Tomatoes resting in nests of green lettuce; half-husked green corn flanked by purple eggplant and creamy squashes; crimson beets and brown skinned potatoes; these filled one basket. The other was packed with grapes of varying colors, with fine peaches, pears, rosy apples and purple plums. Together they did make a bright spot of color on the sunny deck and brought a warm glow to Mrs. Calvert’s heart. The cheerful face of the farmer and his open-hearted neighborliness were an agreeable contrast to the dolefulness of the more aristocratic Colonel – called such by courtesy and custom but not from any right to the title.
“If the girls would only come!” said Mrs. Bruce. “I’d like to have them see the things before we move one out of its pretty place.”
“Well, they will. I’m sure Mr. Stillwell will wait and take our mid-day dinner with us. Besides being glad to make his acquaintance, I want to ask advice. What we are to do with the Water Lily; how to safely get the most pleasure out of it. Would you like to go over the boats, Mr. Stillwell?”
This was exactly what he did wish; and presently Aunt Betty was guiding him about, displaying and explaining every detail of the little craft, as eager and animated as if she had designed it. The Colonel stalked solemnly in the rear, sighing now and then over such wasted effort and enthusiasm, and silently wondering how a Calvert could meet on such equal terms a mere farmer, one of those “common Stillwells.”
However, neither of the others paid him any attention, being too absorbed in their own talk; and the stranger in maturing a plan to help his hostess and her household.
When everything had been examined and tested by his common sense he explained:
“If this here Water Lily war mine, which she isn’t; and I wanted to get the most good and most fun out of her, which I don’t, I’d light right out from this region. I’d get shet of all them gapin’ Corner-ites and Jimpson-ites, and boats passin’ by an’ takin’ notes of things. I’d get a sensible tug to haul me, tender an’ all, a mite further up stream till I met the Branch. I’d be hauled clean into that fur as war practical, then I’d ‘paddle my own canoe.’ Meanin’ that then I’d hitch a rope to my mule, or use my poles, till I fetched up alongside Deer-Copse on the Ottawotta Run. There ain’t no purtier spot on the face of God’s good earth nor that. I war born there, or nigh-hand to it. If a set of idle folks can’t be happy on the Ottawotta, then they sure deserve to be unhappy.”

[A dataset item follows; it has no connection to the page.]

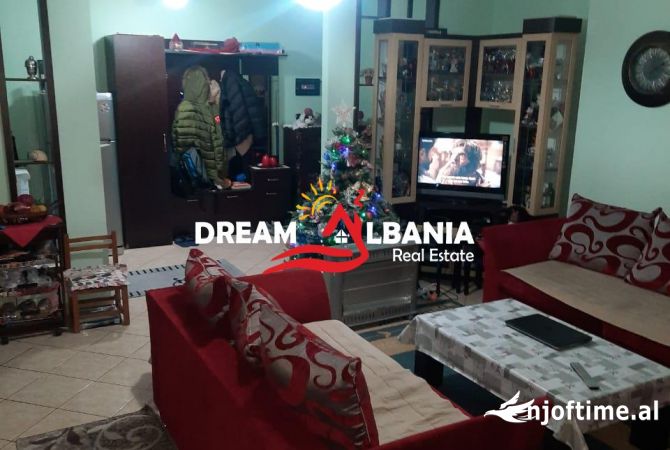 Shtepi ne shitje 2+1 ne Tirane - 202,000 Euro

Aunt Betty was enchanted. From his further description she felt that this wonderful Run was the very stream for them to seek; and with her old decision of manner she asked Mr. Stillwell to arrange everything for her and not to stint in the matter of expense. Then she laughed:
“I have really no right to say that, either, for I’m only a guest on this boat-party. The Water Lily belongs to my little niece and it is she who will pay the bills. I wonder how soon it could be arranged with such a tug! Do you know one?”

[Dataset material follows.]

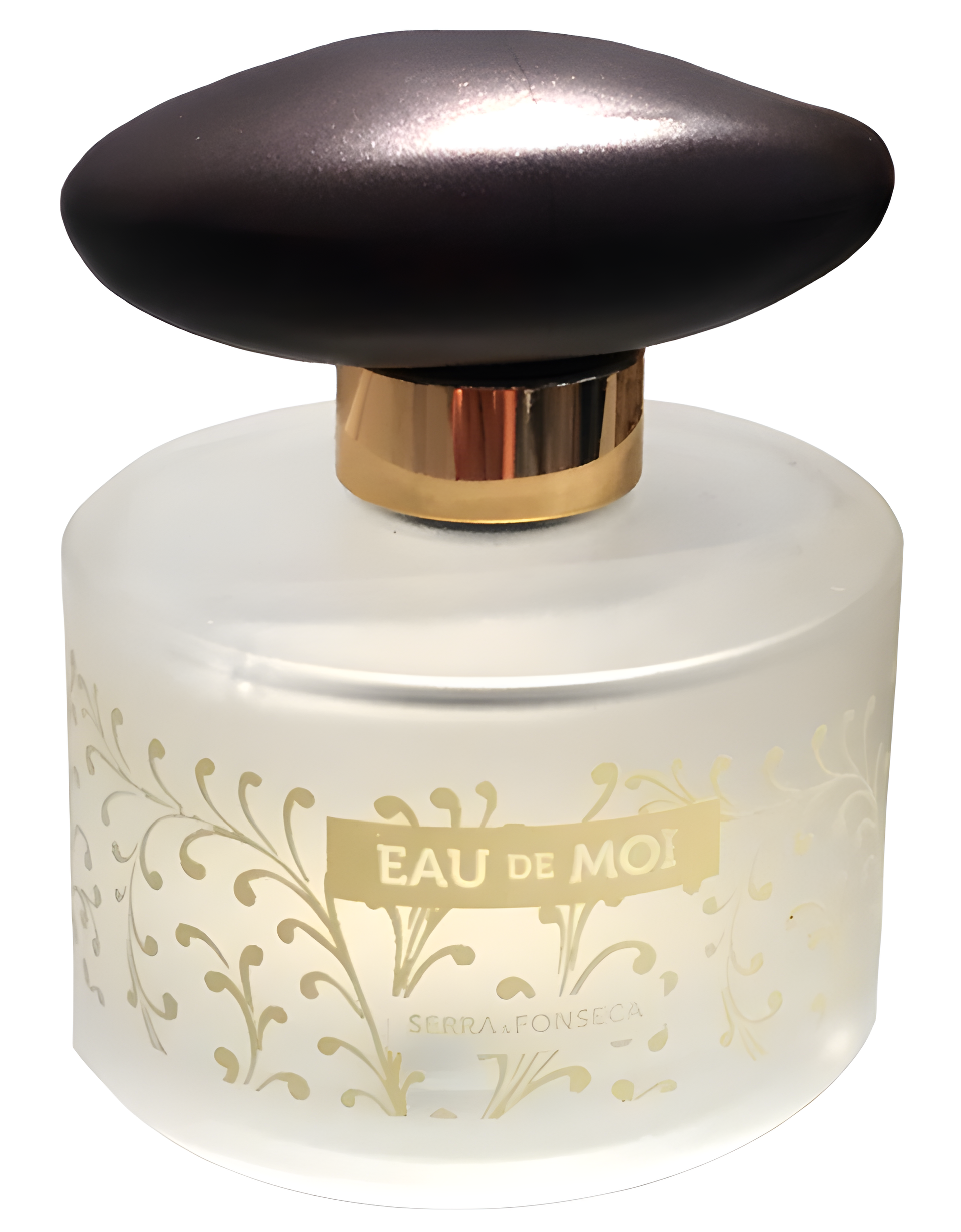 La Zagara by Serra & Fonseca perfume bottle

“Sure. Right away, this evenin’, if you like. I happen to have a loose foot, to-day, and can tend to it. To-morrow’s market and I’ll have to be up soon, and busy late. Is ’t a bargain? If ’tis, I’ll get right about it.”

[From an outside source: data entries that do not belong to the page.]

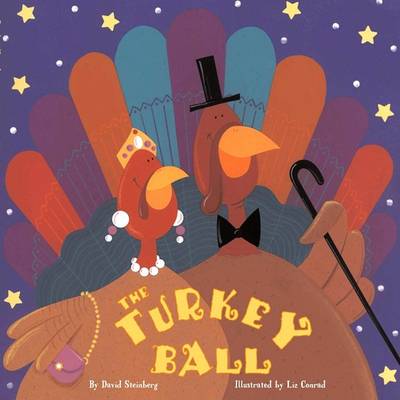 Cover of Turkey Ball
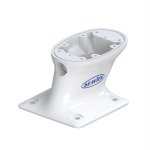Seaview 5" Modular Mount FWD Raked - 7 x 7 Base Plate - Top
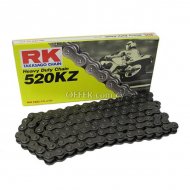 RK Standard Drive Chain  520 x 120 Link
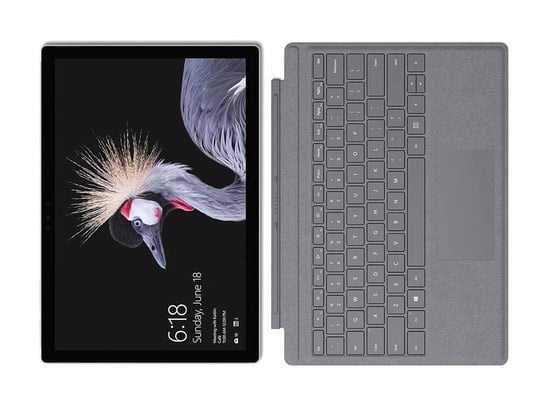 Microsoft Surface Pro 5 (8GB) (256GB) (Quality: Bazár, No Touchscreen) - 15223877 #2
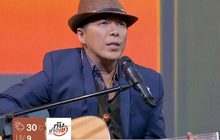 “โอ้ เสกสรรค์” กลับมาพร้อมแนวเพลงใหม่ “การเดินทางไม่มีจุดหมาย”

By “evening” meant with these Marylanders all the hours after mid-day; and, declining any refreshment, Mr. Stillwell departed about this business. His alertness and cheerfulness put new life into Aunt Betty and the widow, who hustled about putting into fresh order the already immaculate Lily.
“If we’re going to move I want everything spick-and-span. And the girls’ll come in right tired after their wood tramp. Wonderful, ain’t it? How ’t that peeked, puny Elsa is a gainin’ right along. Never see the beat. She’ll make a right smart lot of good, wholesome flesh, if she keeps on enjoyin’ her victuals as she does now. Looks as if she lived on slops most of her short life. See anything more wants doing, Mrs. Calvert?”
“No, Mrs. Bruce, I do not. I wish you’d let Chloe bear her share of the work, not do so much yourself. I want you to rest – as I’m doing,” answered the other.
“It plumb wears me out to have folks fussin’ so, Ma’am. They ain’t no use. A day’s only a day, when all’s said and done. Why not take it easy? Take it as easy as you can and it don’t amount to much, life don’t. Ah! hum.”